Der Vergabesenat des OLG Frankfurt/M. bestätigt in seiner Entscheidung vom 12.04.2022, dass nicht nur Zuschlagskriterien und ihre Gewichtung (§ 127 Abs. 5 GWB) bekanntzumachen sind. Vor dem Hintergrund des Transparenzgrundsatzes sind daneben auch bereits aufgestellte Unter- und Unter-Unterkriterien und deren Gewichtung bekanntzumachen. Unterkriterien sind dabei solche Kriterien, die der Ausfüllung und näheren Bestimmung eines Hauptkriteriums dienen und präziser darstellen, worauf es dem Auftraggeber ankommt (OLG Frankfurt, Beschluss vom 12.04.2022, 11 Verg 11/21).
Die zweite Vergabekammer des Bundes hat sich in einer aktuellen Entscheidung mit der Frage auseinandergesetzt, ob das schlichte Einhalten von „Grundanforderungen“ eine Bewertung mit 0 Punkten rechtfertig. „Ja“ lautet die Antwort. Eine bessere Bewertung als mit 0 Punkten sei nur gerechtfertigt, wenn die angebotene Leistung über die „Grundanforderungen“ hinausgeht. Werden die „Grundanforderungen“ hingegen unterschritten, wäre dies als eine Abweichung von den Vergabeunterlagen zu werten und müsste zum Angebotsausschluss führen (VK Bund, Beschluss vom 02.05.2022, VK 2-30/22). Dabei sei es nicht erforderlich, die „Grundanforderungen“ konkret zu definieren.

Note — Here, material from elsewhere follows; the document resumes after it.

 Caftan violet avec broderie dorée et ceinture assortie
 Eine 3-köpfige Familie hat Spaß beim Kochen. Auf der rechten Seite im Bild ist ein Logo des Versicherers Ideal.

Der Begriff „Grundanforderung“ ist ohne Weiteres dahingehend zu verstehen, was aus Sicht eines fachkundigen Bieters als Mindestmaß an Leistung gefordert ist, um sämtliche in den Vergabeunterlagen und von Gesetzes wegen zwingend geforderten Maßstäbe einzuhalten.
In einer weiteren Entscheidung der VK Bund (Beschluss vom 04.04.2022, VK 2-24/22) hebt die zweite Kammer hervor, dass den Bietern bei der Bewertung qualitativer Zuschlagskriterien im Rahmen eines Konzeptwettbewerbs bewusst ein kreativer Freiraum eröffnet wird. Zur Gewährleistung dennoch vergleichbarer Angebote bedarf es jedoch hinreichend konkreter Zielsetzungen, die vom öffentlichen Auftraggeber im Rahmen einer funktionalen Leistungsbeschreibung vorzusehen sind und die bei der Angebotswertung im Rahmen einer Gesamtschau der Zuschlagskriterien und der übrigen Vergabeunterlagen zu berücksichtigen sind.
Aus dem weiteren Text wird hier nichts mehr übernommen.